------ DATA FOR PROCESSING ------
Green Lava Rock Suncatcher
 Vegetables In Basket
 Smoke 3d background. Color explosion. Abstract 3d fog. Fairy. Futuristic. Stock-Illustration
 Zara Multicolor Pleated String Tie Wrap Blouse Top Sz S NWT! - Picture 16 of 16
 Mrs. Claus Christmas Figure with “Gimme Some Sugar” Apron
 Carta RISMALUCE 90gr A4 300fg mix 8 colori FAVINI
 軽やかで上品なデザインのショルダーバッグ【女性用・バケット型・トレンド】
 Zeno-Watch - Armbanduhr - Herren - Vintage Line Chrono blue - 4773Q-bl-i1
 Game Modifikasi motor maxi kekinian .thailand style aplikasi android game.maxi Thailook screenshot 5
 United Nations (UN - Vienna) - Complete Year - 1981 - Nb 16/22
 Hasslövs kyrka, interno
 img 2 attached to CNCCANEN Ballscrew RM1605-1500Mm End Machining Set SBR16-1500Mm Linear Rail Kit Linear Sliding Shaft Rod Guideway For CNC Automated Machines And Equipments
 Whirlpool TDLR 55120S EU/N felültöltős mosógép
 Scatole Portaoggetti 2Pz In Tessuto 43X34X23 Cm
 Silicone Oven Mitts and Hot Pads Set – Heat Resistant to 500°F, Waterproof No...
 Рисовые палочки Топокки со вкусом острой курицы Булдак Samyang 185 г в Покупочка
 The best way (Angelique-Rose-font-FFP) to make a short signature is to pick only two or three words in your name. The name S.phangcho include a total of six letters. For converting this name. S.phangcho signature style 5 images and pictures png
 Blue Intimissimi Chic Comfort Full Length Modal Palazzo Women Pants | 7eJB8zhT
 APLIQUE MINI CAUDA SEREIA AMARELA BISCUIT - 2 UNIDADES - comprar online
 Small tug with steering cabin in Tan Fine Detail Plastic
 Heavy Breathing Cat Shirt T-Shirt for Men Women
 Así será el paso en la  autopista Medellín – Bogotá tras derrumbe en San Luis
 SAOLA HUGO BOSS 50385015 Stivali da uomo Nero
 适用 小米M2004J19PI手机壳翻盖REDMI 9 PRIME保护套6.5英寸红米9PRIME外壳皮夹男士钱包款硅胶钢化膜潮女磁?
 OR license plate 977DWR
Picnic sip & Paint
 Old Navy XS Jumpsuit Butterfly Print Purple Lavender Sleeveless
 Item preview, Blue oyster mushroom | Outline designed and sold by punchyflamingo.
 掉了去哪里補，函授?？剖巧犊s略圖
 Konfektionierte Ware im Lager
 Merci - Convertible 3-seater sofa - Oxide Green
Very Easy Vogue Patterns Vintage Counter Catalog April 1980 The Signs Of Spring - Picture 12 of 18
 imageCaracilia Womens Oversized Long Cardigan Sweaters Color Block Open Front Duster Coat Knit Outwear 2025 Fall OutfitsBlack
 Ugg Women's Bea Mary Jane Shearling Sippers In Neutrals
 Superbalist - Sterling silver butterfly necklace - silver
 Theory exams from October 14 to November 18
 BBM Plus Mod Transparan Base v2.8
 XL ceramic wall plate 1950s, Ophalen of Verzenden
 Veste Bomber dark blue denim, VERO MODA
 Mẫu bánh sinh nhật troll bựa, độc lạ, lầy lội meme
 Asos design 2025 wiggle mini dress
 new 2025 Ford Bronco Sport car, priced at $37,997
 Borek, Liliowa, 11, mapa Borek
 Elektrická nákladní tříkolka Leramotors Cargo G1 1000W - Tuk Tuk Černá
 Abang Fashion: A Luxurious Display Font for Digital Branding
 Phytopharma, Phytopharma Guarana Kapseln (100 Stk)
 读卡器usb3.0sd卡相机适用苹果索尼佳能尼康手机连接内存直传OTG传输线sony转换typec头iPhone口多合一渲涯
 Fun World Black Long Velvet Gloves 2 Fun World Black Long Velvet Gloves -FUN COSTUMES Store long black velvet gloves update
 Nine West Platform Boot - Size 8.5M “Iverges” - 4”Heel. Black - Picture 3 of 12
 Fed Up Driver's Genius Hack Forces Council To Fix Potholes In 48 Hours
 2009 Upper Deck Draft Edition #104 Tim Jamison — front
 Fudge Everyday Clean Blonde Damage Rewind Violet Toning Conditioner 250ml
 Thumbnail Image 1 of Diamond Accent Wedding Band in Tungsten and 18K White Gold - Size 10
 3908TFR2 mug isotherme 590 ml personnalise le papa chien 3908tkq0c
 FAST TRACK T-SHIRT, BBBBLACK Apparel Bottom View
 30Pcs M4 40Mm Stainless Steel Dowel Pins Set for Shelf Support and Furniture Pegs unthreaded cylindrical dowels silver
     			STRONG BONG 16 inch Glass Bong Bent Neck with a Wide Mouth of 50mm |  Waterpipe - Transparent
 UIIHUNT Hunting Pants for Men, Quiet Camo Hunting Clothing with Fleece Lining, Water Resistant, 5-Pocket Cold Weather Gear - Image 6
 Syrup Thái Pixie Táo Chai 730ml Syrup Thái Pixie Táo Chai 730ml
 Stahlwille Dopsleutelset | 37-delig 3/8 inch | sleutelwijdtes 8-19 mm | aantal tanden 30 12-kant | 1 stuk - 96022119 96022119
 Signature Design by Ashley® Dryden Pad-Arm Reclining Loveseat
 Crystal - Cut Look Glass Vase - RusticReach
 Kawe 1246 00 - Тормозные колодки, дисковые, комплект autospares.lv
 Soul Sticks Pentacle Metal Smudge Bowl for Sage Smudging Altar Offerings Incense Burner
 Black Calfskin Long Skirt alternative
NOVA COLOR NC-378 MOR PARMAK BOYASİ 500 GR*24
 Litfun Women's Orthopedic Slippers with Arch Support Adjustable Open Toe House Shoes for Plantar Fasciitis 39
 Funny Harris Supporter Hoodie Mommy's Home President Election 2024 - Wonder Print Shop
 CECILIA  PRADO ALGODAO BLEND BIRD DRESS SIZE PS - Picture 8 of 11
------
[WHAT IS NEEDED] Scan the listing above for the line that has "BBM Plus Mod Transparan Base v2.8", then copy exactly from that line through the line that has "Asos design 2025 wiggle mini dress".

[REPLY TO THE EXERCISE]
 BBM Plus Mod Transparan Base v2.8
 XL ceramic wall plate 1950s, Ophalen of Verzenden
 Veste Bomber dark blue denim, VERO MODA
 Mẫu bánh sinh nhật troll bựa, độc lạ, lầy lội meme
 Asos design 2025 wiggle mini dress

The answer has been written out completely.